Rocío Jurado cantaría Como una ola. Un sismólogo deduciría que nos encontramos ante los pliegues causados por el desplazamiento de las placas tectónicas. El esteta se admiraría ante la perfección y el equilibrio de la obra que ha logrado generar un movimiento que supera los límites de la realidad y nos transporta a un mundo onírico en el que se trasciende hacia el infinito, que es la meta inalcanzable a la que aspira todo artista. El maestro de obras alabaría al albañil por la precisión de su trabajo.
¿Y el peatón? El sufrido caminante se ciscaría en los anteriores y maldeciría otra acera impracticable. Una más de las muchas que obligan a circular por la calzada porque resultan hostiles para quienes buscan la seguridad en zonas exclusivas para viandantes. Las gentes de a pie siempre acaban sufriendo las consecuencias del reinado absoluto y absolutista del coche.
Existen distintas clases de aceras diseñadas para ahuyentar a los peatones. Veamos algunos ejemplos. Está la de dos palmos, que solo es apta para personas que pesan menos de 40 kilos y miden más de 1,80 metros. Quienes no responden a esta figura fideo solo pueden circular por ellas si están dispuestos a dejarse la piel de los codos en paredes y ventanas.
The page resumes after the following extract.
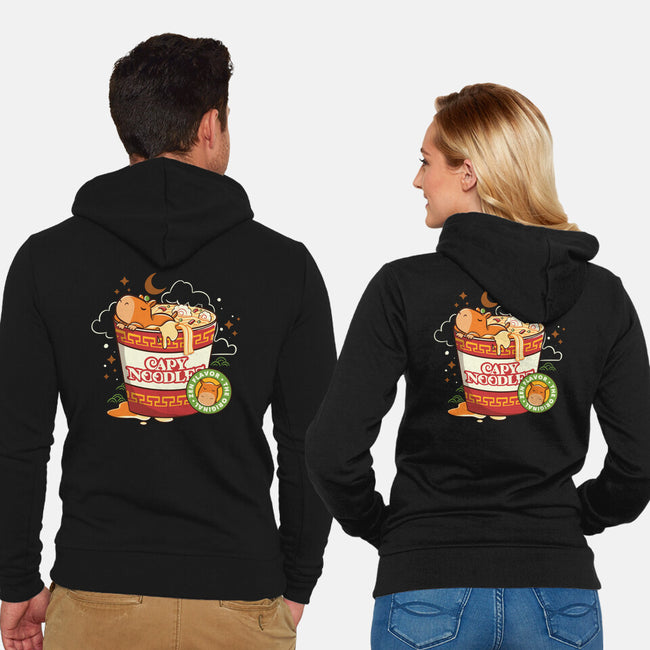 Capy Noodles-Unisex-Zip-Up-Sweatshirt-tobefonseca
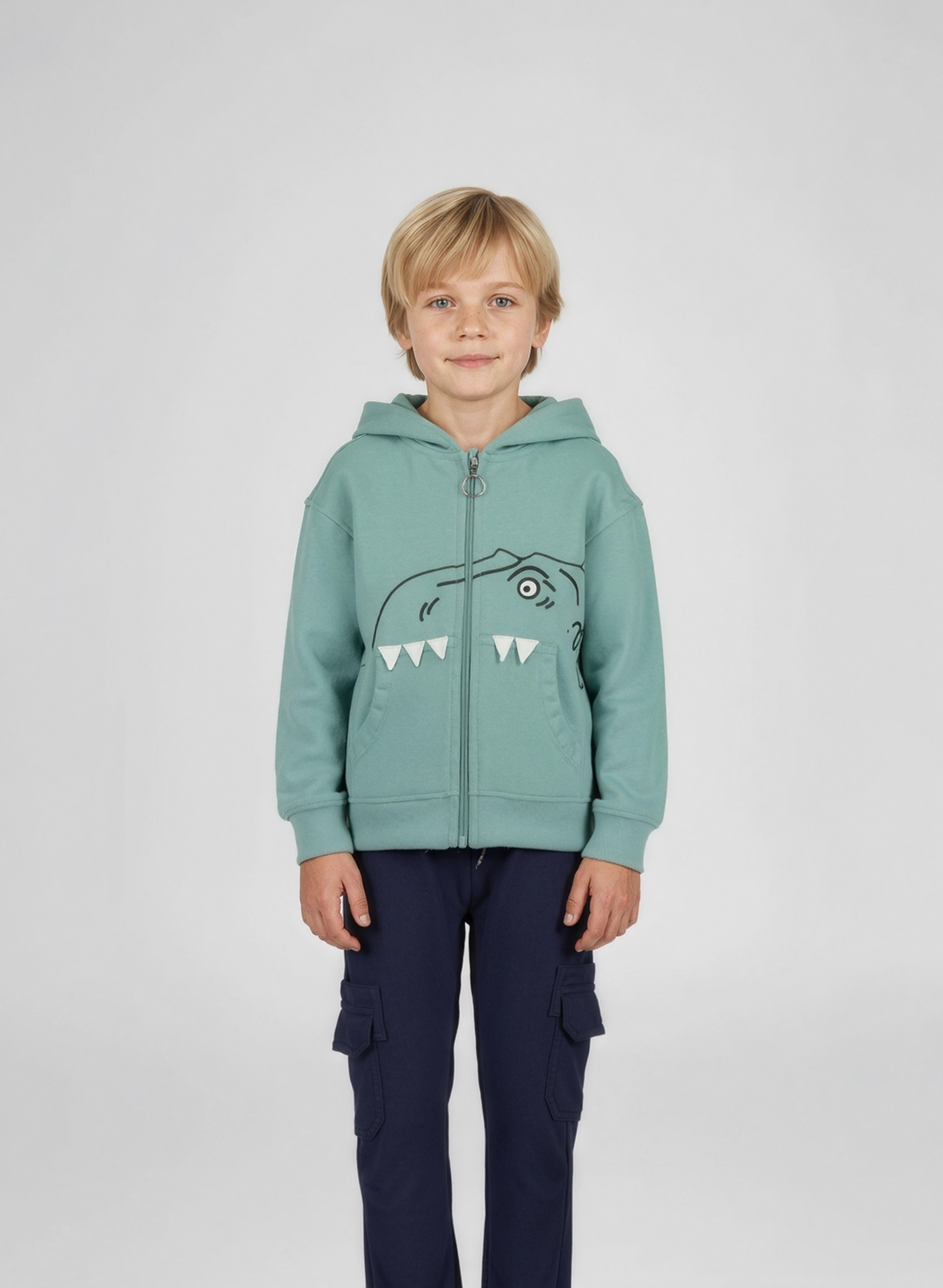 Blue Seven Sweatjacke »Blue Seven Sweatjacke mit Kapuze«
También abunda la acera okupada. Es la que el Ayuntamiento ha abarrotado de farolas, señales de tráfico y contenedores de basura. La misma en la que los bares han colocado mesas, sillas, sombrillas y mamparas. También es aquella en la que los comercios sitúan cestos de fruta o expositores de tarjetas postales. Son las aceras 3.000 metros obstáculos. Ideales para preparar unos juegos olímpicos.
Podríamos referirnos a las cicloaceras, que están prohibidas, aunque usted ya sabe que abundan en todos los barrios. O las aceras chicle, en las que el paseante se queda pegado como una lapa. Hay más, pero un artículo no es una tesis doctoral y aún nos queda definir la fotografiada por Torrelló en el Terreno en el año 1987. ¿Es la acera montaña rusa, también conocida como Dragón Khan? Probablemente.